On nous a dit que tu avais des troubles de la vue avérés.
La première séance de kiné a eu lieu, tu ne répondais pas aux ordres simples. Donc le kiné travaillera quand tu seras assise.
Mardi 25 juin : Tu es très fatiguée mais tu restes 3h au fauteuil et tu manges assise.
Jeudi 27 juin : On te verticalise pour la première fois à 50/55 degrés.
Vendredi 28 juin : Bilan positif du médecin et kiné car beaucoup de progrès
Mardi 2 juillet : Bonne nouvelle. Une place à St Jean se libère jeudi ! Centre de neuro rééducation ! Victoire !! À toi de jouer..
Les mots sont tombés.
Tu peux évoluer comme rester comme tu es aujourd’hui. Sur un fauteuil, ne bouger qu’un côté, ne discerner que de la lumière et de l’obscurité, échanger avec nous malgré ton aphasie.
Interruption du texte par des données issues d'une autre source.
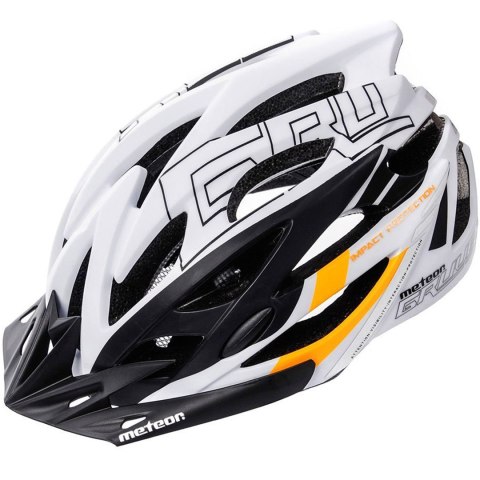 Kask rowerowy Meteor Gruver M 55-58 cm biało-czarno-pomarańczowy 24751 Kask rowerowy Meteor Gruver M 55-58 cm biało-czarno-pomarańczowy 24751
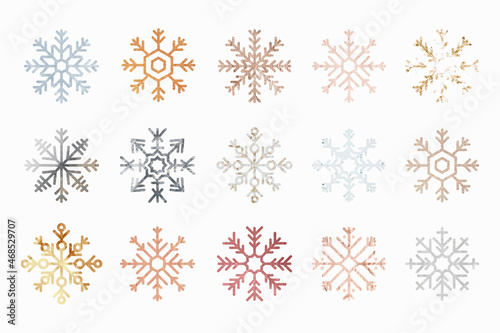 Christmas snowflakes decorative ornament collection vector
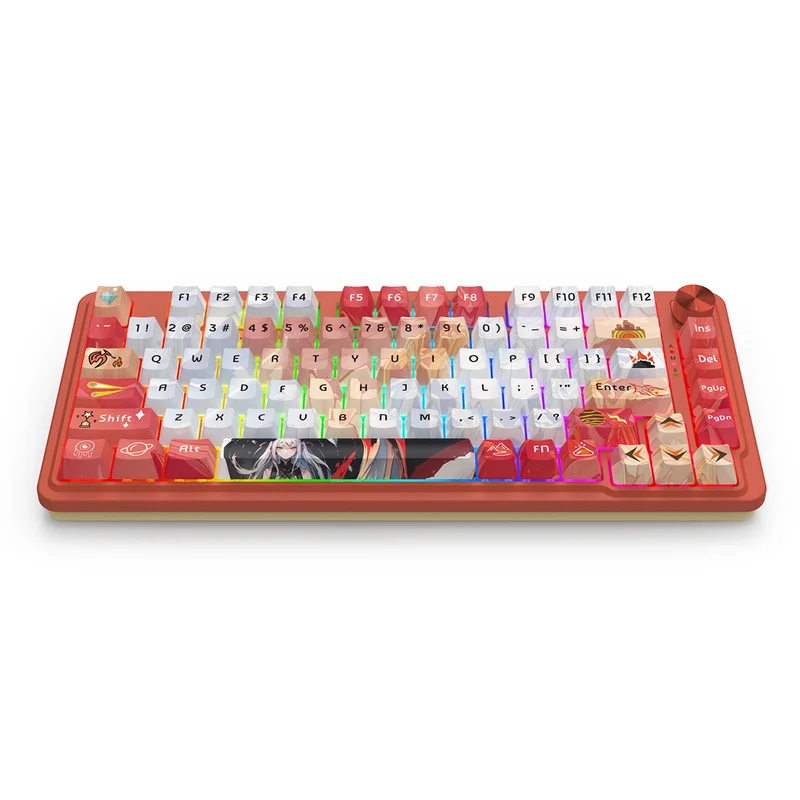 Redragon K673AK Ucal Pro Anime Ed. RGB Wireless 75% Hot-Swappable Gasket Mechanical Keyboard with Knob (Mint Mambo Linear Switch) (K673AK-RGB-Pro)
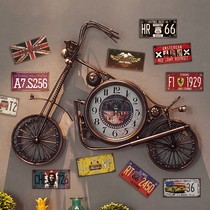 Barbershop barbecue shop decoration wall clock bar industrial wind wall personality wall clock motorcycle pendant American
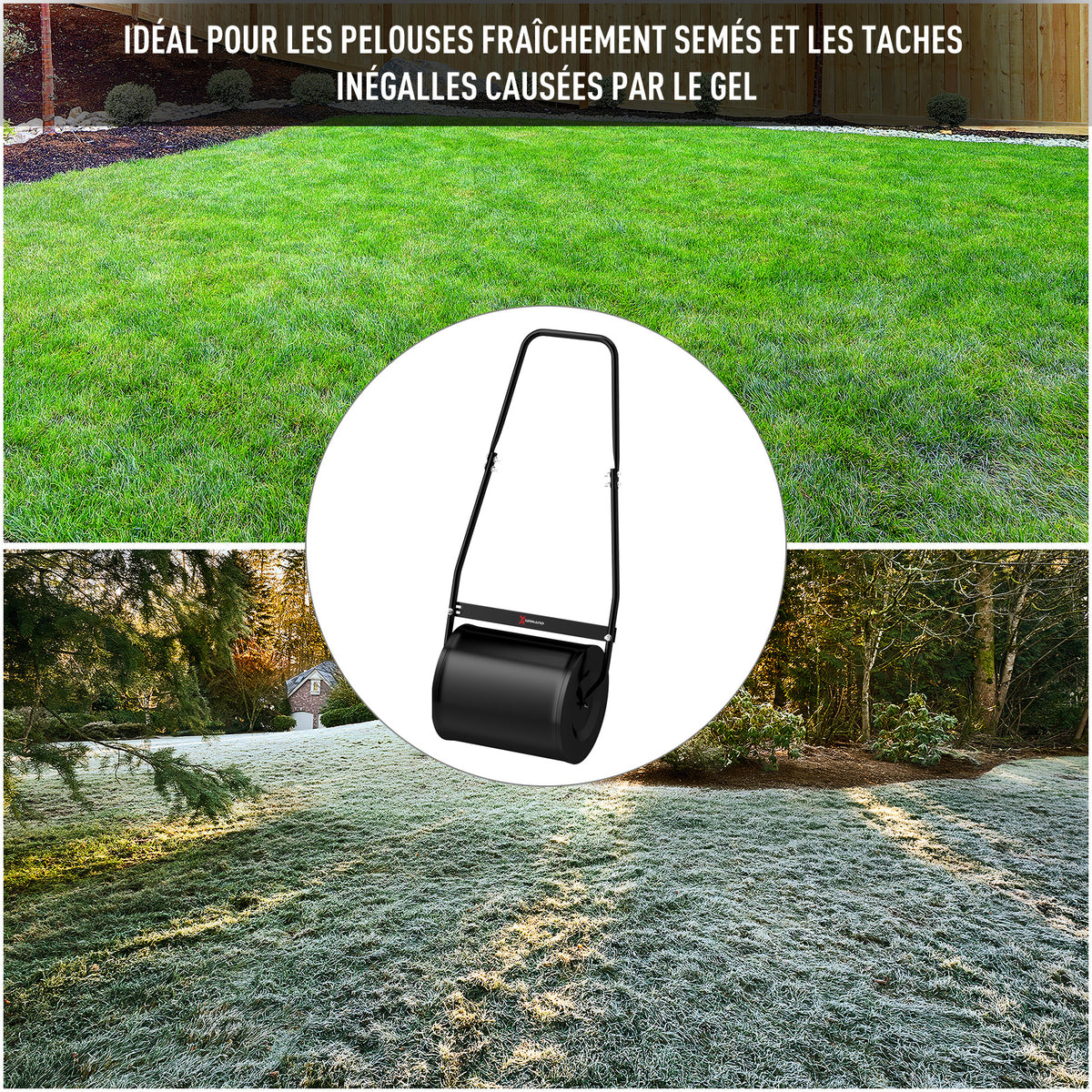 Rouleau à Gazon Jardin en Acier avec poignée dim. 47L x 32l x 105H cm lestage Max. 30 L Noir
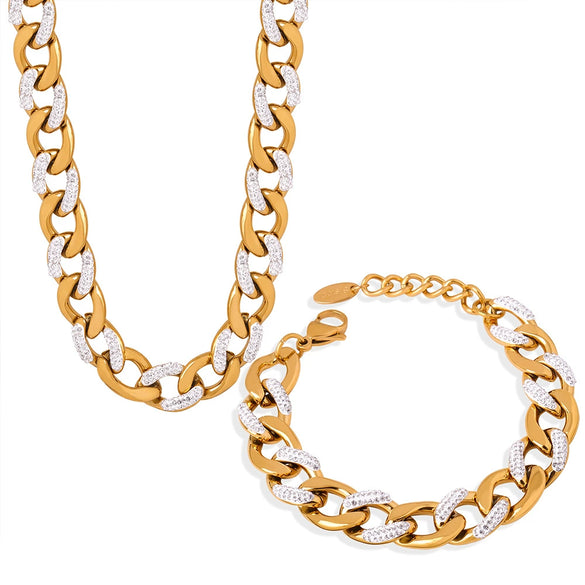 Wholesale Unisex Elegant Light Luxury Cuban Bracelet And Necklace Set In Titanium Steel With Regular Chain And Electroplating Treatment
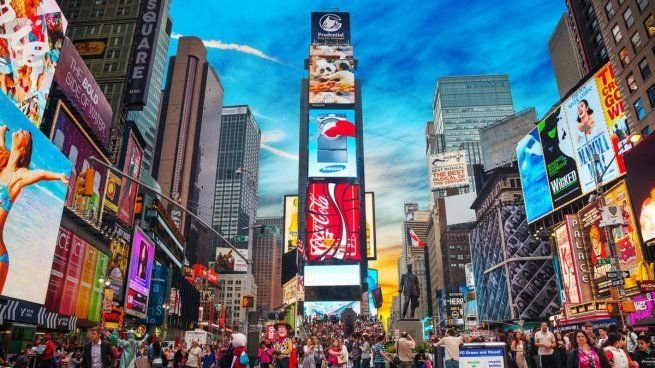 Vista de Times Square durante el desfile de los New York Knicks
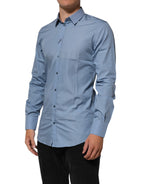 Blue Cotton Collared GOLD Formal Dress  Shirt
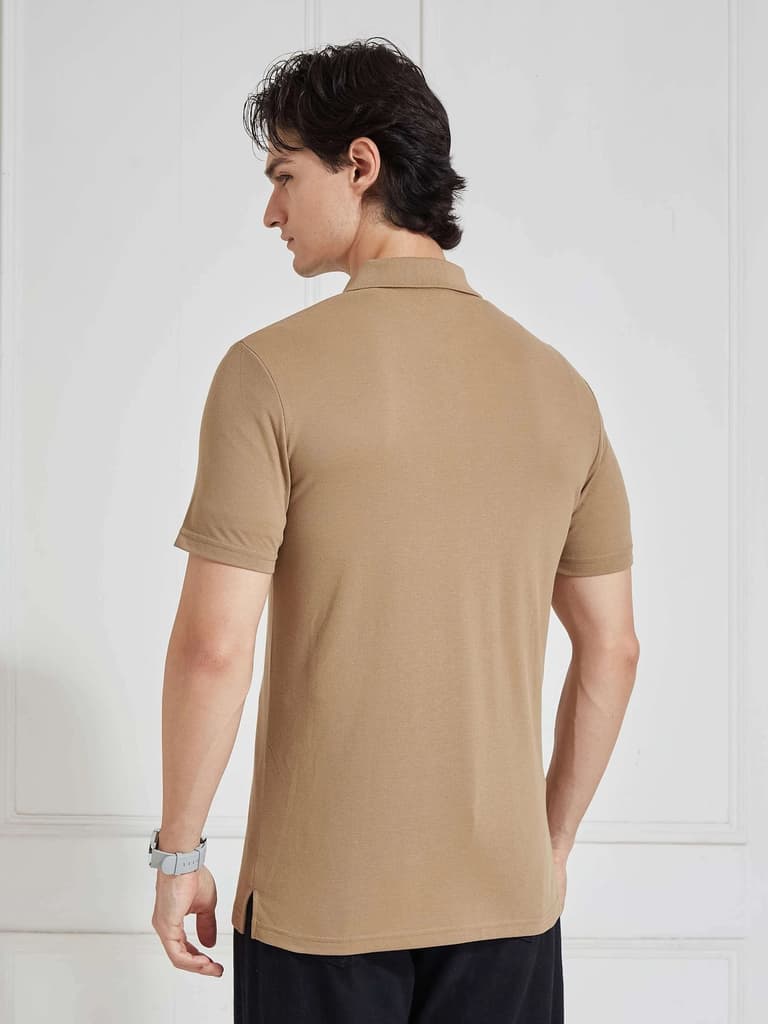 Men's Brown Solid Polo Collar T-Shirt — photo 6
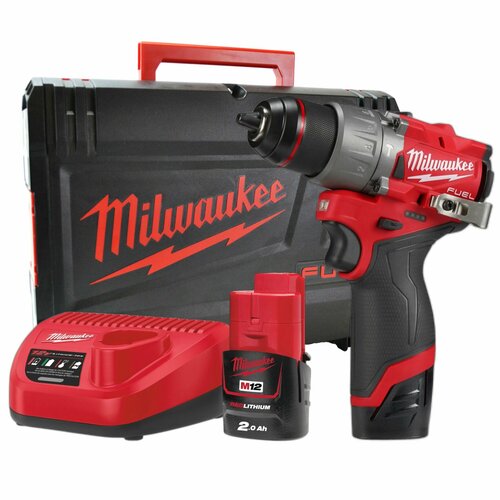 Аккумуляторная дрель-шуруповерт Milwaukee M12 FPD2-202X, 1550 об/мин, 22500 уд/мин, с 2 АКБ 2 Ач и ЗУ, в кейсе, 4933479868 фото, описание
Tu peux aussi, pour le mieux, réapprendre à marcher, à voir ou à discerner des formes, des mouvements, à décontracter ton côté droit..
Alors on nous d’abord parlé de tes progrès : tu tiens devoirs 20/30 min et tu pourrais davantage, tu tiens assise avec un maintien en bas du dos. L’objectif est que tu tiennes sans ce maintien, et tu peux le faire, le kiné nous l’a certifié. Cela dépend de ta disponibilité, de ton humeur..
L’orthophoniste nous a dit qu’elle avait commencé la rééducation neuro visuelle avec la lumière : éclairer un objet transparent dans l’obscurité. Te concentrer et te dire de l’attraper, selon l’endroit là où il se trouve. Et tu y arrives ! 3 fois avec elle, 2 fois avec moi. Répéter cet entraînement un petit peu tous les jours, entraîner ton cerveau à « discerner » quelque chose, « développer ce sixième sens » a dit le docteur. Faire travailler cette vision automatique : « et si tu voyais quelque chose, pourrais-tu l’attraper ? ». Et tu y arrives. Tout le monde en est ravi, toi la première. Tu pleures à chaque fois. Et moi aussi quand je te vois.
L’aphasie est toujours présente et t’empêche de prononcer certains mots, donc tu bloques dessus et puis tu oublies le reste.
Ta mémoire est défaillante. Cela bloque à peu près tout. Les choses vues et engendrées la veille ne peuvent pas être réitérées le lendemain. Alors ils travaillent des automatismes car la mémoire freine l’apprentissage.
Les piqûres de botox vont être recommencées d’ici peu pour pouvoir encore travailler ton côté droit sans douleur.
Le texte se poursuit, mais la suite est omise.